Write the equation for the potential energy as below.

$U=\frac{k{Q}_1{Q}_2}{R}$

Where,K is the coulomb constant having a value ${\text{9.0×10}}^{\text{9}}\text{N}\cdot \text{m}/{\text{C}}^{\text{2}}$, $Q_1$ and $Q_2$ are the charges in the system, and R is the distance between the charges.

The 3 charges are given to be equidistant from each other.
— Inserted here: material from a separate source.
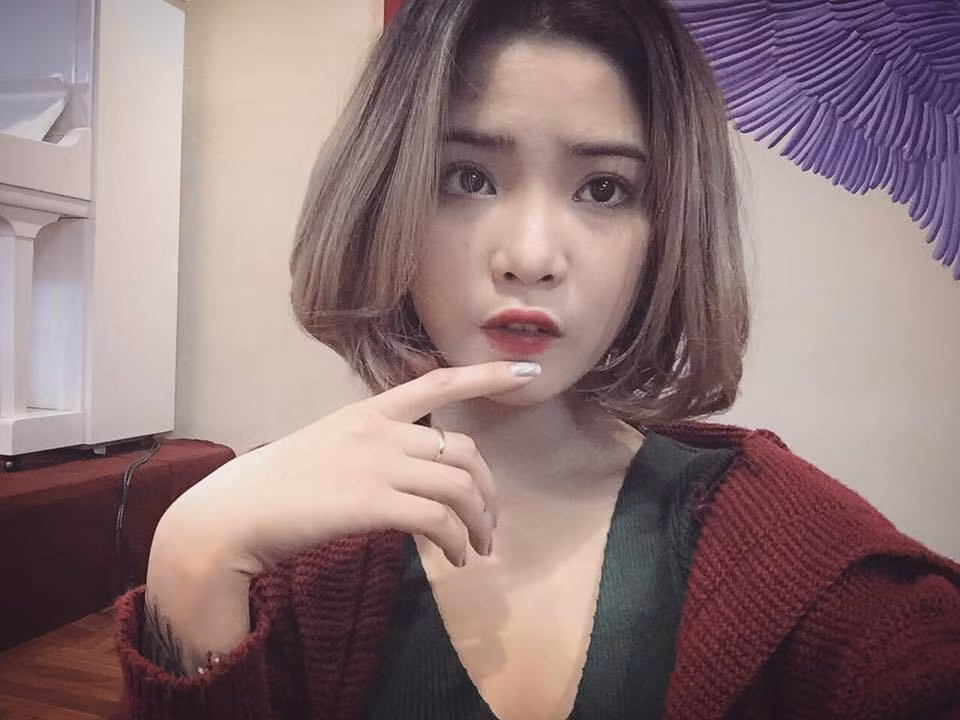 Hàn Kiều Vy được nhiều cư dân mạng biết tới với biệt danh Natra. Cô nàng này sinh năm 1999 tại Hải Phòng, hiện tại đang theo học chuyên ngành vũ công ở Đại học Văn hóa nghệ thuật quân đội - Hà Nội..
The electric potential of only two up quarks will be due to the interaction of two up quarks.

$U=\frac{k{Q}_1{Q}_2}{R}$

Substitute$\frac{+2e}{3}$ for $Q_1$and, ${\text{9.0×10}}^{\text{9}}\text{N}\cdot \text{m}/{\text{C}}^{\text{2}}$ for K, $Q_2$and ${\text{1.32×10}}^{\text{-15}}\text{m}$for R in the above equation.

$\begin{array}{c}U=\frac{k\left(\frac{+2e}{3}\right)\left(\frac{+2e}{3}\right)}{R}\\ =\frac{k(+4e)}{9R}\end{array}$

$\begin{array}{c}U=\frac{\text{4}(9.0\times {10}^9\text{N}\cdot \text{m}/{\text{C}}^{\text{2}}){(1.6\times {10}^{-19}\text{C})}^{\text{2}}}{\text{9}(1.32\times {10}^{-15}\text{m})}\\ =7.76\times {10}^{-14}\text{J}\end{array}$

Hence, the potential energy of two system of two quarks is $7.76\times {10}^{-14}\text{J}$.

The potential energy of the system with all three quarks is,

$U=U_{12}+U_{23}+U_{13}$ ….. (1)

Here,is the potential energy due to interaction of 2 up quarks$\frac{+2e}{3}$and$\frac{+2e}{3}$, $U_{23}$is the potential energy due to interaction of second up quark$\frac{+2e}{3}$and the down quark$\frac{-e}{3}$and$U_{13}$is the potential energy due to interaction of first up quark$\frac{+2e}{3}$and the down quark$\frac{-e}{3}$.

$\begin{array}{c}U=\frac{k\left(\frac{+2e}{3}\right)\left(\frac{+2e}{3}\right)}{1.32\times {10}^{-15}\text{m}}+\frac{k\left(\frac{+2e}{3}\right)\left(\frac{-e}{3}\right)}{1.32\times {10}^{-15}\text{m}}+\frac{k\left(\frac{+2e}{3}\right)\left(\frac{-e}{3}\right)}{1.32\times {10}^{-15}\text{m}}\\ =\frac{4e^{2}k}{9\times 1.32\times {10}^{-15}\text{m}}-\frac{2k{e}^2}{9\times 1.32\times {10}^{-15}\text{m}}-\frac{2k{e}^2}{9\times 1.32\times {10}^{-15}\text{m}}\\ =\frac{k\times e^2}{9(1.32\times {10}^{-15}\text{m})}(4-2-2)\\ =0\text{J}\end{array}$

Hence, the net potential energy of all three quarks is $0\text{J}$.